L'inchiesta raccomanda sanzioni più severe per gli importatori; richiami obbligatori di prodotti trovati contenenti amianto; e la creazione di un'unità specialistica all'interno della Forza di frontiera incentrata sulla cessazione delle importazioni illegali di amianto.

L'inchiesta raccomanda anche una revisione dell'Accordo di libero scambio Cina-Australia per affrontare la grande quantità di materiale contaminato da amianto e amianto importato dalla Cina.

Il governo di Turnbull non è riuscito ad agire su 20 delle 26 raccomandazioni. Questo lascia scappatoie che significano che gli importatori di amianto possono restare impuniti e lavorare e il pubblico è lasciato vulnerabile all'esposizione a questa sostanza mortale.

Affermazioni del segretario assistente dell'ACTU ( il sindacato australiano) Michael Borowick:

"Il governo di Turnbull dovrebbe sostenere le grandi imprese e adottare questi cambiamenti che aiuteranno a fermare le inondazioni di amianto in Australia.

"L'incapacità del governo di adottare queste 20 raccomandazioni è tristemente debole. È un'occasione mancata di riforma legislativa per affrontare adeguatamente l'importazione illegale di amianto.

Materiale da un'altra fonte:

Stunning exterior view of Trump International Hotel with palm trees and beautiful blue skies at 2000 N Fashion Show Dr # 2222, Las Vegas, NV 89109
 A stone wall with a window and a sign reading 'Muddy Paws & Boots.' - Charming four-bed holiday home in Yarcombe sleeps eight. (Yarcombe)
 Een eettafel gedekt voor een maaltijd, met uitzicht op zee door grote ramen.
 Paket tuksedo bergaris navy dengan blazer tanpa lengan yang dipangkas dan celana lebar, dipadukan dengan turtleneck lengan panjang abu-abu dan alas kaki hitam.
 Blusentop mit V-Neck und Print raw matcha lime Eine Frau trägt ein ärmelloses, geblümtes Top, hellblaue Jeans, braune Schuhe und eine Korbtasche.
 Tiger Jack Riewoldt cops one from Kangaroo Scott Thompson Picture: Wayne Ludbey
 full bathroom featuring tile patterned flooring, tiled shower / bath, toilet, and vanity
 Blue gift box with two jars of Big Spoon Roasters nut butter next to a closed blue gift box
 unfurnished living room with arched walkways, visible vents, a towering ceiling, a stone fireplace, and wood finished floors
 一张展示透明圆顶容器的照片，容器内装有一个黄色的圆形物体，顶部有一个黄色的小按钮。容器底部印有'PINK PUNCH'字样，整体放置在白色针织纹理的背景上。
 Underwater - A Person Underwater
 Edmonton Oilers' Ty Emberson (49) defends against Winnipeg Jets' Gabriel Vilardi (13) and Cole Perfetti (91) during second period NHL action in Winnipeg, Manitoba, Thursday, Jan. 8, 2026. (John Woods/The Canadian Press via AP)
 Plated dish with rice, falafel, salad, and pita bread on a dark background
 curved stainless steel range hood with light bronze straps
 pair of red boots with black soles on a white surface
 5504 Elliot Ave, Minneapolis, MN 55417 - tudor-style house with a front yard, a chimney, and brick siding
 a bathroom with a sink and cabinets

"Le regole sono rotte. Quando gli importatori portano in Australia amianto o prodotti contaminati mettono a rischio la gente che lavora e il pubblico. Abbiamo visto prodotti contaminati finire nell'ospedale pediatrico di Perth, nei pastelli e nei quad. "

"L'applicazione del divieto di amianto sta fallendo, dobbiamo cambiare le regole in modo che gli importatori che portano in Australia l'amianto oi prodotti contaminati siano adeguatamente perseguiti.

"Il governo di Turnbull deve fare tutto quanto è in suo potere per assicurarsi che il nostro sistema doganale e gli accordi commerciali non espongano gli australiani a potenziali danni potenzialmente letali."